WHAT THE TASK REQUIRES:
Please keep to the lines below from the one with "Cama Box Casal: Colchão" through the one with "Bahama Breeze Bronze", and restate them word for word, ends included.

SOURCE INFORMATION:
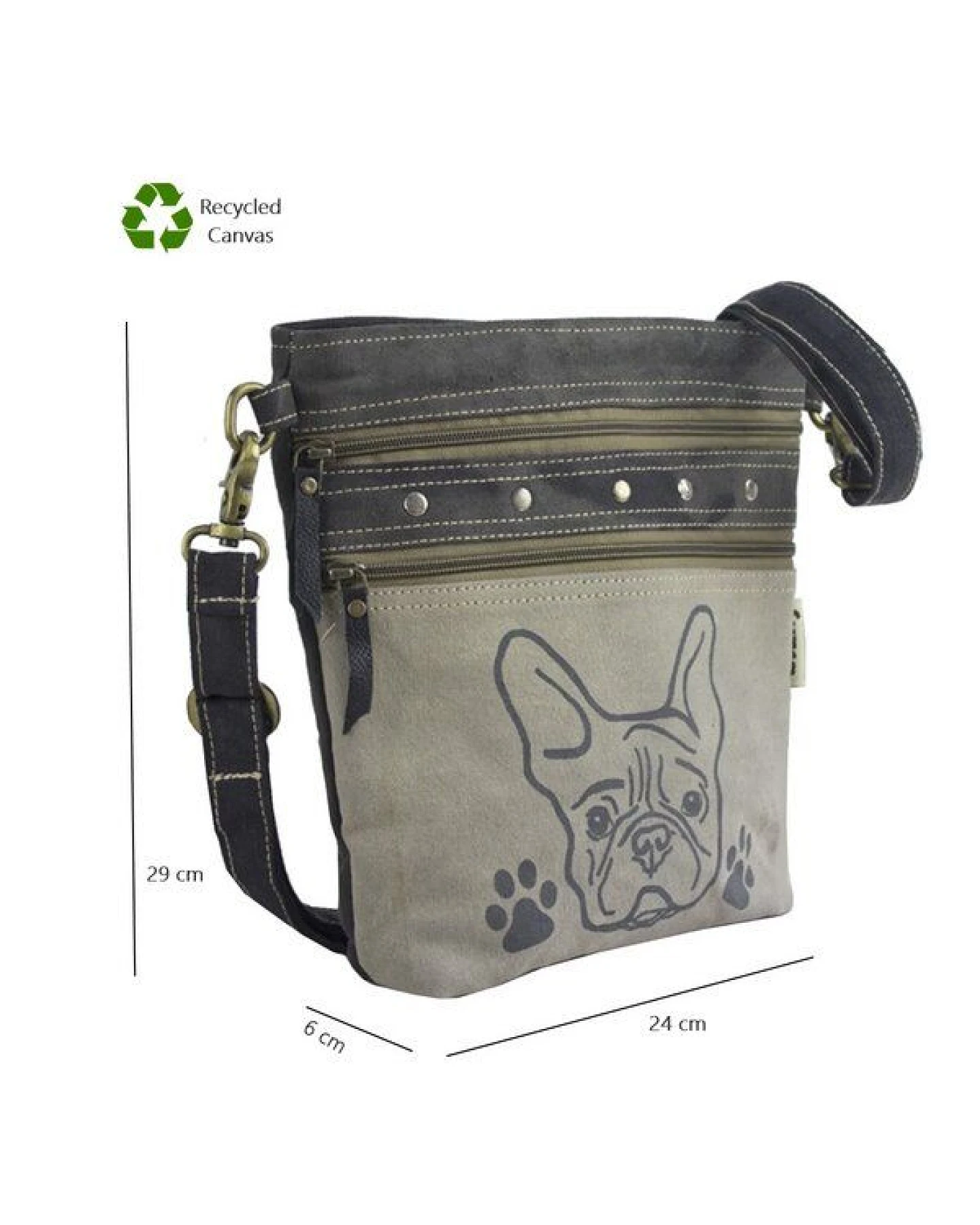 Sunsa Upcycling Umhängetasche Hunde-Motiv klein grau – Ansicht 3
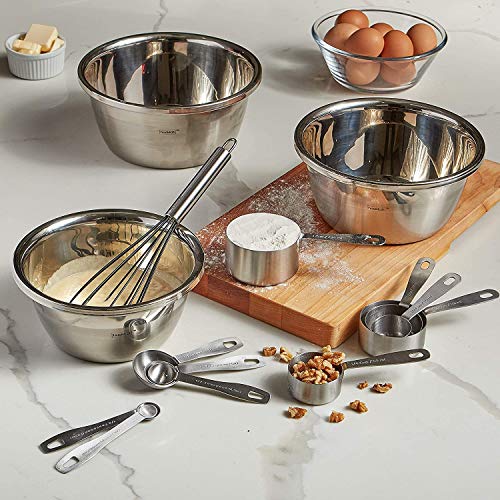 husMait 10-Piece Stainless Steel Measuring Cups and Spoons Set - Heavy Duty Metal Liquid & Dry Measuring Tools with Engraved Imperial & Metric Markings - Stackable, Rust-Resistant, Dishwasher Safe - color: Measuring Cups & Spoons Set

==

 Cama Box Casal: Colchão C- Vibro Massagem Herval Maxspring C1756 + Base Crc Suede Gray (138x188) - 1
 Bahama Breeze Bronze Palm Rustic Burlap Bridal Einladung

SOLUTION FOR THIS TASK:
 Cama Box Casal: Colchão C- Vibro Massagem Herval Maxspring C1756 + Base Crc Suede Gray (138x188) - 1
 Bahama Breeze Bronze Palm Rustic Burlap Bridal Einladung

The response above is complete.